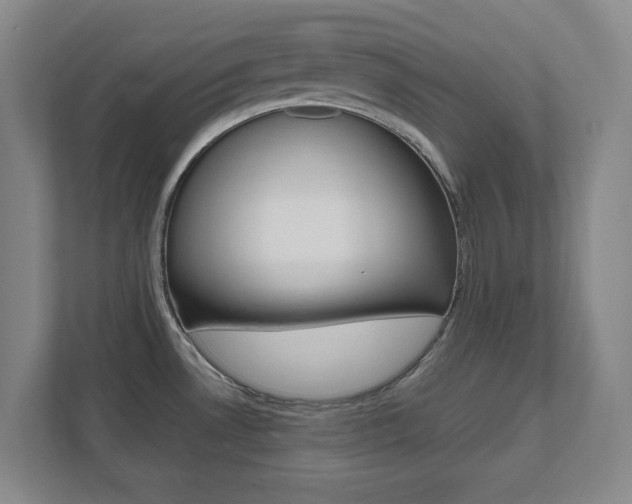 X0000111851530200907231049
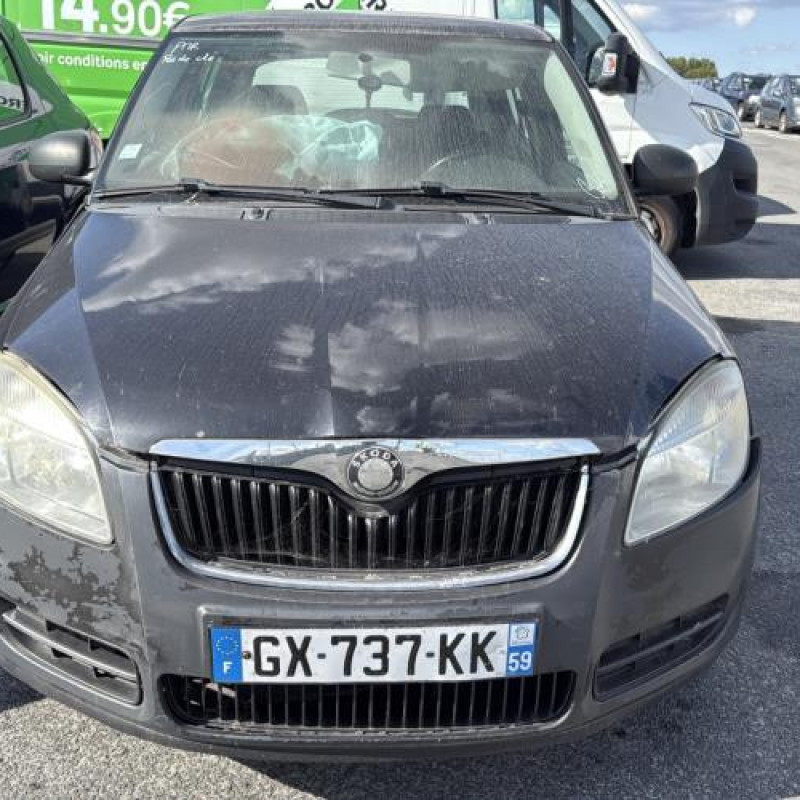 Porte arriere gauche SKODA FABIA 2 Photo n°14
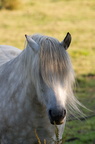 2011-07-n5-6296-a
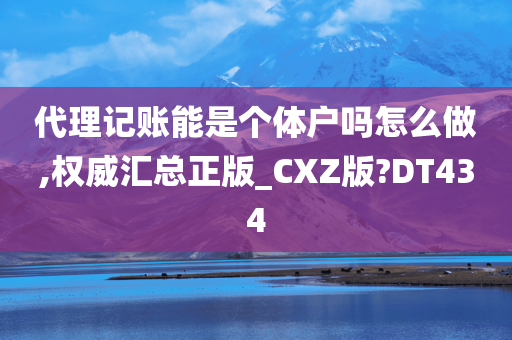 代理记账能是个体户吗怎么做,权威汇总正版_CXZ版?DT434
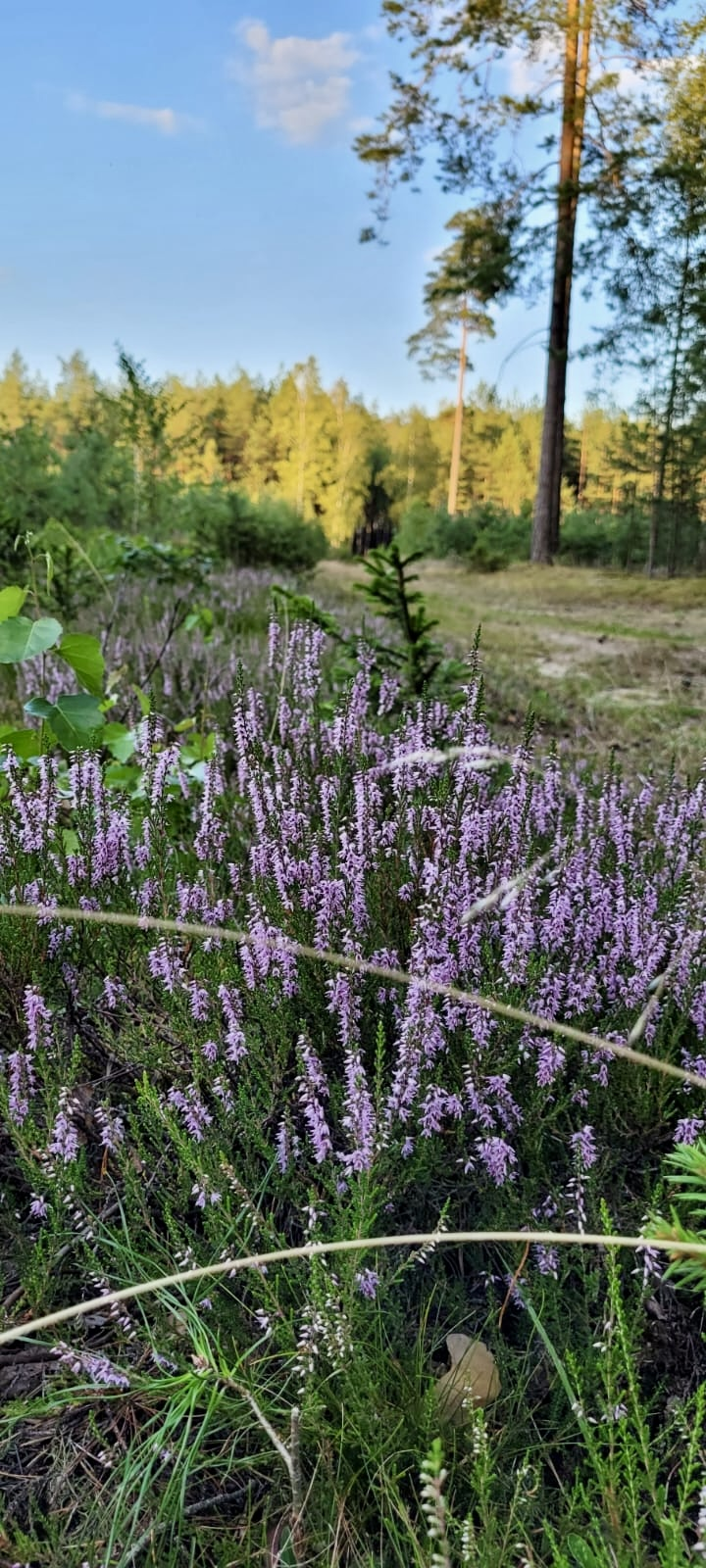 Prywatne Weekend Całoroczny Pasym - zdjęcie 2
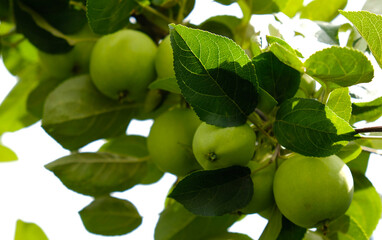 Green branch of apple tree with leaves and ripe fruits apples in the garden. Fresh and juicy apples ready for harvest. Rural landscape, Orchard. 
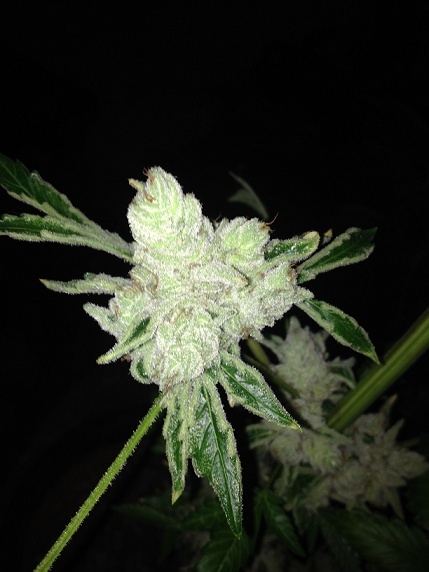 Chem91 x bubba 1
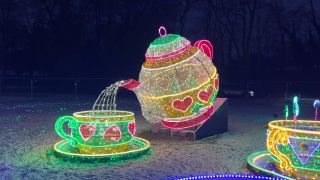 IMG_2189.mov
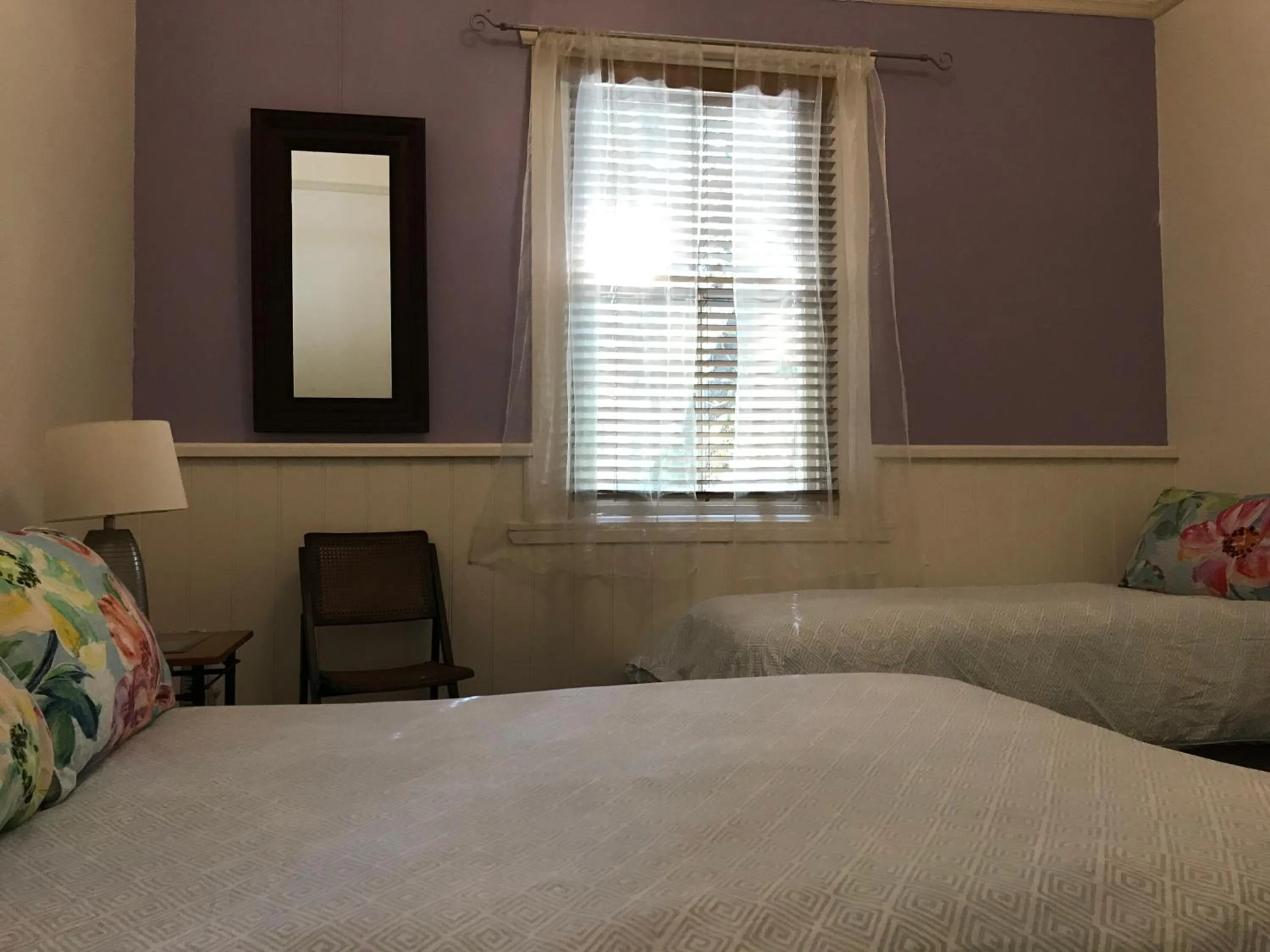 Bed in Flying Fox Backpackers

**Goal of the exercise:** Give back the material word for word and drop the pictures it holds.

**Answer section:**
 X0000111851530200907231049
 Porte arriere gauche SKODA FABIA 2 Photo n°14
 2011-07-n5-6296-a
 代理记账能是个体户吗怎么做,权威汇总正版_CXZ版?DT434
 Prywatne Weekend Całoroczny Pasym - zdjęcie 2
 Green branch of apple tree with leaves and ripe fruits apples in the garden. Fresh and juicy apples ready for harvest. Rural landscape, Orchard. 
 Chem91 x bubba 1
 IMG_2189.mov
 Bed in Flying Fox Backpackers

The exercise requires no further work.